We’ve all been tempted with a “pick me up” from the candy bowl or cookie jar from time to time, or a plate of French fries as comfort food. But are those foods making us feel better? Or are they actually pushing us down?
Research published in the British Journal of Psychiatry found that study participants who consumed the most sweet desserts, chocolates, high-fat dairy products such as cheese, and processed foods such as meats, fried foods, and refined cereals were more likely to be depressed than those who consumed a whole-food diet of fruits, vegetables, and fish.
Additional research in Scientific Reports confirmed that increasing consumption of higher-sugar foods over time actually played a part in causing depression, rather than just having an association. While the reasoning is not yet known, it could be due to increased inflammation, the addiction-like effects of sugar on the brain’s neurotransmitters, or the effects of sugar highs and lows.
You may recall experiences of a “sugar crash” or “food coma” after consumption (or overconsumption) of high-sugar and high-fat foods. More research is needed into the short-term effects. However, research into chronic fatigue syndrome, published in the Journal of Nutrition and Dietetics, found that the majority of sufferers consumed high intakes of unhealthy fats and low intakes of fiber, fruit, and vegetables.
Lastly, research published in Psychiatry Research, consisting mostly of small studies or case studies, found a link between increased anxiety and low-dietary diversity, high sugar, and refined carbohydrate consumption.

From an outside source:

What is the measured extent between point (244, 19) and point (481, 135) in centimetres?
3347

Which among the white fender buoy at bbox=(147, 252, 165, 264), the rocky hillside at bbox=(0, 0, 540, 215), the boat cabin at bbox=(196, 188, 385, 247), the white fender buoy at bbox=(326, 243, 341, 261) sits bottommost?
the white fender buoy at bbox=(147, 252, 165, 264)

Reducing Risk for Depression
Replacing junk food with healthier options can decrease your risk for depression, and perhaps fatigue and anxiety as well. Starting with high-sugar choices, “Replace cakes and pies with homemade desserts based on fruits, such as roasted apples topped with cinnamon,” says Jenna Rosenfeld, a registered dietitian at NewYork-Presbyterian Hospital/Weill Cornell. Also, “replace candy with unsweetened dark chocolate and refined sweetened cereals with oatmeal or homemade granola made with nuts and seeds (using only a small amount of honey or sweetener).”
Choosing higher-quality or lower‑fat foods also can help improve mood and energy. “Sauté or roast foods with olive oil, avocado oil, or grapeseed oil in place of frying,” says Rosenfeld. “Also, choose fatty fish such as tuna, sardines, and salmon, unprocessed chicken breasts or turkey in place of processed or red meats. And make lower-fat choices such as skim or plant-based milks in place of full-fat dairy products.”
Consuming brain-healthy foods such as fresh fruits, vegetables, whole grains, and lean proteins, exercising regularly, and avoiding mood-altering substances such as alcohol and drugs can aid in your complete mental-health plan.
WHAT YOU SHOULD KNOW
Other contributing factors to avoid:
Excessive alcohol intake. Alcohol, by definition, is a depressant. Some may find that it provides short-term relief from anxiety and stress. However, excessive or long-term use is linked with fatigue and depression. Hangovers have been linked with increased fatigue and anxiety.
Caffeine. In small doses, caffeine can act as a stimulant. However, it also inhibits serotonin in the brain and, over time, acts as a depressant. Due to its diuretic effects, caffeine increases dehydration, which is a known contributor to a depressed effect and fatigue, so stay hydrated with eight to 10 8-ounces glasses of fluid a day.